*RECORDS FOR THE TASK*.
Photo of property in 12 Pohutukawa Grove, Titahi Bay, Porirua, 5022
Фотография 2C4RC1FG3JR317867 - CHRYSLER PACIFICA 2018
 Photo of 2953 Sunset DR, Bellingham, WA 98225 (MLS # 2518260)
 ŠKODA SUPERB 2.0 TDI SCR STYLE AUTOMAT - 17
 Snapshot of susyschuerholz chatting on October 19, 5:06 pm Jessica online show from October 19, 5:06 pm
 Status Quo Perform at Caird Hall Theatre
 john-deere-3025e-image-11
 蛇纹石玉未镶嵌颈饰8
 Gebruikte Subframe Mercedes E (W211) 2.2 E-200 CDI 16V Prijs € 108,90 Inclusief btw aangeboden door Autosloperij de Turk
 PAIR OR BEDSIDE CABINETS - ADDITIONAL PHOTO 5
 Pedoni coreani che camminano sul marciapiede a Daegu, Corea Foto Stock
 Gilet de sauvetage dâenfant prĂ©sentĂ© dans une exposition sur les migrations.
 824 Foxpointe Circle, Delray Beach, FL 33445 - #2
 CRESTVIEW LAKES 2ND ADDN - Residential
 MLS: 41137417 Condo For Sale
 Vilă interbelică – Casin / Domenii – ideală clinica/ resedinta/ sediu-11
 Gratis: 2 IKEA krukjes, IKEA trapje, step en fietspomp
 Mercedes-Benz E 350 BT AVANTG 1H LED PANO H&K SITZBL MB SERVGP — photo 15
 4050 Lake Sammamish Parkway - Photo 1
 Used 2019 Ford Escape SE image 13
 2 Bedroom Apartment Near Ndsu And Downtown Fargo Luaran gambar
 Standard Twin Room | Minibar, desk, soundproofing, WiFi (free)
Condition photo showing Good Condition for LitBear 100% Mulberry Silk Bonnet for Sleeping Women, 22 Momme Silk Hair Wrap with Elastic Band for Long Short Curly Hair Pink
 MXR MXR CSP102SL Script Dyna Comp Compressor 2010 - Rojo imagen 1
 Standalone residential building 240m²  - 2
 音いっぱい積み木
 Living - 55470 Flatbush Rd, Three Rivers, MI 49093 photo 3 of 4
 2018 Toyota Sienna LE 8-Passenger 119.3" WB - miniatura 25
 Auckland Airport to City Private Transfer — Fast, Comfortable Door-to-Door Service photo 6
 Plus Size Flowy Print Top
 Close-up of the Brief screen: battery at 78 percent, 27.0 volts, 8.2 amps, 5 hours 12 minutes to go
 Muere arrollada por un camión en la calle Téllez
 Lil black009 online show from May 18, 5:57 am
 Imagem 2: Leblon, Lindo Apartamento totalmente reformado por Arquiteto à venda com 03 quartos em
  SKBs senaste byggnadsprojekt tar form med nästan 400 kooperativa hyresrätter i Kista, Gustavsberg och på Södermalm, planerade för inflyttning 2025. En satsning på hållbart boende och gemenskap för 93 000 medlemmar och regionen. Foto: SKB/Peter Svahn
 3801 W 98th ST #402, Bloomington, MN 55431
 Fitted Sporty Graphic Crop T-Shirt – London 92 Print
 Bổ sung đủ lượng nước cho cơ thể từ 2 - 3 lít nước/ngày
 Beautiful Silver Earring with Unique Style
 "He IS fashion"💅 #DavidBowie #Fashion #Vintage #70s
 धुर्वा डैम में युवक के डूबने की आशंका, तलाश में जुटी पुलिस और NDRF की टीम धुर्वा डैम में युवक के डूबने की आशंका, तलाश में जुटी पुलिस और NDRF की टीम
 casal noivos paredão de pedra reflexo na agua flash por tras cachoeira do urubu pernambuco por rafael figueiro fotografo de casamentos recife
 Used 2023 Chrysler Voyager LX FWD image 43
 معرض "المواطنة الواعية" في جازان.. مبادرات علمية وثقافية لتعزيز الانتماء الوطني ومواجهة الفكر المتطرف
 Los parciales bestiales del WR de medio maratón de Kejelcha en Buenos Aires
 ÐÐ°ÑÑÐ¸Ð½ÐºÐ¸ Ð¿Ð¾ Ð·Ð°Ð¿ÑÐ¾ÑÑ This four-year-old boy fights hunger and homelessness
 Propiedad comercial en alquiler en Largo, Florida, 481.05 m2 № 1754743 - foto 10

*PROBLEM TO SOLVE*.
Please restate each record exactly as it reads.

*REPLY*.
Photo of property in 12 Pohutukawa Grove, Titahi Bay, Porirua, 5022
Фотография 2C4RC1FG3JR317867 - CHRYSLER PACIFICA 2018
 Photo of 2953 Sunset DR, Bellingham, WA 98225 (MLS # 2518260)
 ŠKODA SUPERB 2.0 TDI SCR STYLE AUTOMAT - 17
 Snapshot of susyschuerholz chatting on October 19, 5:06 pm Jessica online show from October 19, 5:06 pm
 Status Quo Perform at Caird Hall Theatre
 john-deere-3025e-image-11
 蛇纹石玉未镶嵌颈饰8
 Gebruikte Subframe Mercedes E (W211) 2.2 E-200 CDI 16V Prijs € 108,90 Inclusief btw aangeboden door Autosloperij de Turk
 PAIR OR BEDSIDE CABINETS - ADDITIONAL PHOTO 5
 Pedoni coreani che camminano sul marciapiede a Daegu, Corea Foto Stock
 Gilet de sauvetage dâenfant prĂ©sentĂ© dans une exposition sur les migrations.
 824 Foxpointe Circle, Delray Beach, FL 33445 - #2
 CRESTVIEW LAKES 2ND ADDN - Residential
 MLS: 41137417 Condo For Sale
 Vilă interbelică – Casin / Domenii – ideală clinica/ resedinta/ sediu-11
 Gratis: 2 IKEA krukjes, IKEA trapje, step en fietspomp
 Mercedes-Benz E 350 BT AVANTG 1H LED PANO H&K SITZBL MB SERVGP — photo 15
 4050 Lake Sammamish Parkway - Photo 1
 Used 2019 Ford Escape SE image 13
 2 Bedroom Apartment Near Ndsu And Downtown Fargo Luaran gambar
 Standard Twin Room | Minibar, desk, soundproofing, WiFi (free)
Condition photo showing Good Condition for LitBear 100% Mulberry Silk Bonnet for Sleeping Women, 22 Momme Silk Hair Wrap with Elastic Band for Long Short Curly Hair Pink
 MXR MXR CSP102SL Script Dyna Comp Compressor 2010 - Rojo imagen 1
 Standalone residential building 240m²  - 2
 音いっぱい積み木
 Living - 55470 Flatbush Rd, Three Rivers, MI 49093 photo 3 of 4
 2018 Toyota Sienna LE 8-Passenger 119.3" WB - miniatura 25
 Auckland Airport to City Private Transfer — Fast, Comfortable Door-to-Door Service photo 6
 Plus Size Flowy Print Top
 Close-up of the Brief screen: battery at 78 percent, 27.0 volts, 8.2 amps, 5 hours 12 minutes to go
 Muere arrollada por un camión en la calle Téllez
 Lil black009 online show from May 18, 5:57 am
 Imagem 2: Leblon, Lindo Apartamento totalmente reformado por Arquiteto à venda com 03 quartos em
  SKBs senaste byggnadsprojekt tar form med nästan 400 kooperativa hyresrätter i Kista, Gustavsberg och på Södermalm, planerade för inflyttning 2025. En satsning på hållbart boende och gemenskap för 93 000 medlemmar och regionen. Foto: SKB/Peter Svahn
 3801 W 98th ST #402, Bloomington, MN 55431
 Fitted Sporty Graphic Crop T-Shirt – London 92 Print
 Bổ sung đủ lượng nước cho cơ thể từ 2 - 3 lít nước/ngày
 Beautiful Silver Earring with Unique Style
 "He IS fashion"💅 #DavidBowie #Fashion #Vintage #70s
 धुर्वा डैम में युवक के डूबने की आशंका, तलाश में जुटी पुलिस और NDRF की टीम धुर्वा डैम में युवक के डूबने की आशंका, तलाश में जुटी पुलिस और NDRF की टीम
 casal noivos paredão de pedra reflexo na agua flash por tras cachoeira do urubu pernambuco por rafael figueiro fotografo de casamentos recife
 Used 2023 Chrysler Voyager LX FWD image 43
 معرض "المواطنة الواعية" في جازان.. مبادرات علمية وثقافية لتعزيز الانتماء الوطني ومواجهة الفكر المتطرف
 Los parciales bestiales del WR de medio maratón de Kejelcha en Buenos Aires
 ÐÐ°ÑÑÐ¸Ð½ÐºÐ¸ Ð¿Ð¾ Ð·Ð°Ð¿ÑÐ¾ÑÑ This four-year-old boy fights hunger and homelessness
 Propiedad comercial en alquiler en Largo, Florida, 481.05 m2 № 1754743 - foto 10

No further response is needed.